I turned sixty in October...I really don’t mind being sixty...the time passed is showing but it feels like a kindly kiss on the face from a doting great-aunt...instead of leaving red lip stick, Great Aunt Time left wrinkles. My feeling memories are so strong I can still remember what it felt like like to be eight or eighteen or twenty eight. This is the time for 40th and 45th reunions...the time to see how old all your former classmates look...the time to count the missing ones and remember them in silence...the time to give thanks.

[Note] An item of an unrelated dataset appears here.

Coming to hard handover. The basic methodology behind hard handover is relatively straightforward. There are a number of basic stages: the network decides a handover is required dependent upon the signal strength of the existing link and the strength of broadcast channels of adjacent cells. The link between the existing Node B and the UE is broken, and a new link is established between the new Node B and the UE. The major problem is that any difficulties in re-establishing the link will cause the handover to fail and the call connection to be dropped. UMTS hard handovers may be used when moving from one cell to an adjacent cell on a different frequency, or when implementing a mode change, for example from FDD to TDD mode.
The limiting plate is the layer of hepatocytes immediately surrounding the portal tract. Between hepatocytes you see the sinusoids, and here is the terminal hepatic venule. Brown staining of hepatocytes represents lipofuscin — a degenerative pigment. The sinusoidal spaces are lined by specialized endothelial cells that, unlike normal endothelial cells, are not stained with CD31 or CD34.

Old people have always fascinated me. My grandmother was my first old friend...born in 1896 to German parents...daughter of an opera singer...career teacher...mother of three...creative cusser...seer of visions...wrinkled and funny and endlessly entertaining to grandchildren...teller of family stories...I loved her, as did all her grandchildren, with an unwavering allegiance and a full appreciation for the person she had been and the person she was. Old age in Grandma did not look scary. It was full of humor, courage, grace, curiosity, acceptance and love. The painful times she experienced in her old age...leaving her home in the country, two broken hips, having her privacy invaded by someone staying in her home for nursing care, living in a nursing home...none of this diminished her spirit. My last visit with her was as dear to me as my first memory of her.

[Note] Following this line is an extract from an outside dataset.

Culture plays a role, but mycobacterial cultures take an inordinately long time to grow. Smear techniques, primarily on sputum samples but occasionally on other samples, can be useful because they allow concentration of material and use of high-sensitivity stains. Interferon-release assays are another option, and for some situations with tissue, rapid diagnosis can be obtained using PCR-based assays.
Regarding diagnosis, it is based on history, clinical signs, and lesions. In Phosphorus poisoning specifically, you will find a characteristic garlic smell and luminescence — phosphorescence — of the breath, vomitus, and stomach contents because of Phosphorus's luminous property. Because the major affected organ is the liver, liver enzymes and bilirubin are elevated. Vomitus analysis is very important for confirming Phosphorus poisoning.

My mother is eighty now. In her hooded eyes, I sometimes see my grandmother laughing...the same hooded eyes I have. Her once dark hair is silver white...her blue eyes are as bright as ever...her passion for animals and the outdoors is as intense as ever...and she tells me stories now like my grandma did. As the two living members of our immediate family of four, these stories are infinitely precious to me. I’ve gotten to know my dad as the handsome young sailor my mother loved all those years ago...I’ve been given the wonderful gift of her stories about my sister and me as babies and young children in the time before my conscious memory began...tales of the past that both anchor and free me to move into my future where I will have silver hair and more wrinkles than God.
Pitts Hughes came into my life as a friend of my husband Michael at the seminary. A southern lady "to the manor born" who never fit the mold, went to the female version of seminary school and spent her life tending her rambunctious flock of nurses, college students, seminary students, pastors, friends of all stripes and types. Michael and I had married and I was working full time as a social worker while he finished his last year of seminary. Pitts, Michael and Gene would often have lunch together and I heard all the stories at supper...Pitts driving down Lexington Road and Gene screaming at the top of his lungs that she was going to hit that car... going into the grocery store and while Pitts shopped, Michael and Gene regaled the clerk with stories about the old lady they had taken from the "Home"...going clothes shopping with her and giving her the benefit of their fashion nonsense. Somehow, Pitts became my friend, too. I was included in the sacred circle of friendship these three had created.
From Pitts, I learned the following: 1) Manners and style matter because they ease your way through life; 2) Don’t be afraid to laugh at yourself because that keeps the joke from being on you; 3) If you must mention your physical complaints, do so with brevity, honest recognition of your limits and move on to a story of how utter strangers can be angels in disguise; 4) Maintain your family connections; 5) You have a family of birth and family of choice.
Miss Ruby...daughter of Plains, Georgia, friend of Jimmy Carter’s mother, baker of communion bread and tea party giver extraordinaire, hymn writer, lover of baseball and river rafter in her eighties...the first person I knew who would stay up until two in the morning to hear Pavarotti sing...small, petite, white haired knot on top of her head...she taught me how to find joy in grief. Her only son was killed in World War Two, her husband died of a heart attack as they visited her son’s grave in Italy many years later. By the time I knew her, her grief had been transformed...a hymn written...their names a part of her daily life...the sadness had become a grateful remembrance of the good gift of their presence in her life.